By Lindsey Ziliak
Tribune staff writer
— Sugar the pink-spotted cow from Cowtopia searched on Moo-Harmony for the perfect bull to take to the ball.
She scrolled through her mooPad — made of a cardboard box, cardboard tubing, paper and duct tape — until she found a bull that caught her eye.
“Moo-la-la,” Sugar said. “He’s perfect.”
There was only one problem. The bull was from Earth.
How would Sugar reach him?
Tyrone, known as the scientist of Cowtopia, had an idea. Sugar could use his portal, the Wind Ray 2.0, to open an entrance to Earth.
A group of Eastern Junior High School and Acacia Academy seventh-graders performed this skit for the residents of Century Villa Health Care on a recent evening. The project earned them a spot in the Destination Imagination Global Finals later this month.
Destination Imagination is an educational program where teams of students solve open-ended challenges and present their solutions at tournaments. And they do all of it without any help from adults.
The six students on the team chose to tackle the science project “Windvisible.” They were challenged to explore how the science of wind energy can be used to make kinetic art move. They had to create a piece of kinetic art that moves continuously for 15 seconds during their presentation. They also were tasked with creating an original story that features an invisible character and incorporates some of their wind energy research.
And, oh yeah, they have only a $125 budget to work with.
Most of their props and set were crafted from recycled materials.
Their costumes were made out of old T-shirts, headbands and an apron they sewed themselves. Even their portal was recycled. They gutted an old box fan, removing everything but the blades. They glued a decorated piece of foam to the blades to make it look like a swirling vortex.
They use an old hair dryer to turn the blades and get the vortex to move. Even figuring that out was difficult, though.
The kids tried pointing the hair dryer in different directions and at different angles to keep the fan blades moving.
“It took us a while to get the right angle to get the fan to move,” said Levi Hanny, who plays Tyrone the scientist.
But creating the wooden backdrop and storyline were even harder.
They created one whole script only to realize days before regionals they weren’t following the rules for the invisible character. They scrapped it and started over.
Two days before the regional competition, the kids had nothing. They were frustrated and ready to give up, team manager Debbie Everling said.
“It just wasn’t coming together for them at all,” she said.
Everling wanted to help them, but she couldn’t. Rules of the competition forbid adults from providing suggestions or advice to the team members.
She encouraged the kids to go home and get some rest and try again the next day. So they met the night before regionals and started working.

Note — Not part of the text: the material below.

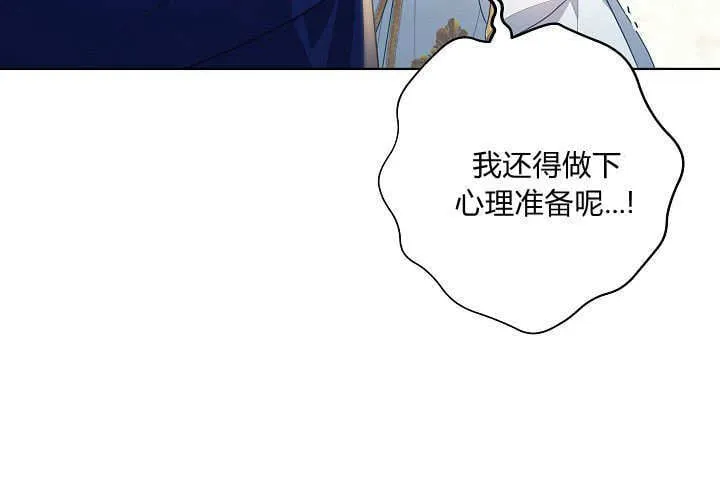 第7话 第7页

They wrote a new script. They built an entire wooden backdrop using table saws, jigsaws, hinges and other supplies.
“Using the power tools was interesting,” said Kaitlyn Alexander, who plays Foofoo the cow. “It took four of us to get hinges on.”

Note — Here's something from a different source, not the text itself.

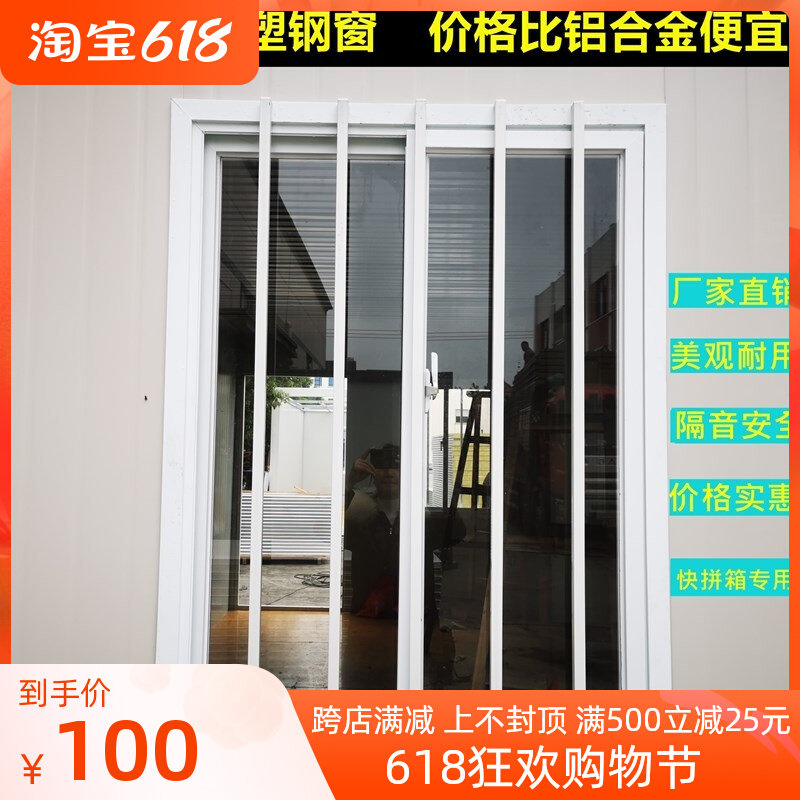 Plastic Steel Window Container Active House Plastic Steel Anti-theft Window Quick Spell Case Window Assembly Box Color Steel Sheet Plastic Steel Window Accessories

But they finished it. They went on to win regionals. Then they won state, too, earning a spot in the Global Finals in Knoxville, Tenn.
As they waited for results at the state competition, they sat on a gym floor holding hands. Some of them cried. When they found out they won, the children said they didn’t know what to think. They were so excited, they said.
“I slept with the trophy that night,” said McKenna Malott, who plays Sugar.
Everling said she was proud of the kids. They fought hard to make it this far, and they’ve learned a lot along the way, she said.
“They definitely do learn skills,” she said. “They learned confidence in themselves. They learned to think outside the box. They’re learning to solve challenges on their own.”
In less than a week, Malott, Hanny, Alexander, Arhea Pugh, Lizzy Smith and Sam Everling will join more than 10,000 of their peers from more than 20 countries around the world to perform their skit one last time.
The students said they aren’t nervous. This one is all about having fun.
“The winning part is getting there and having fun and meeting people,” Malott said.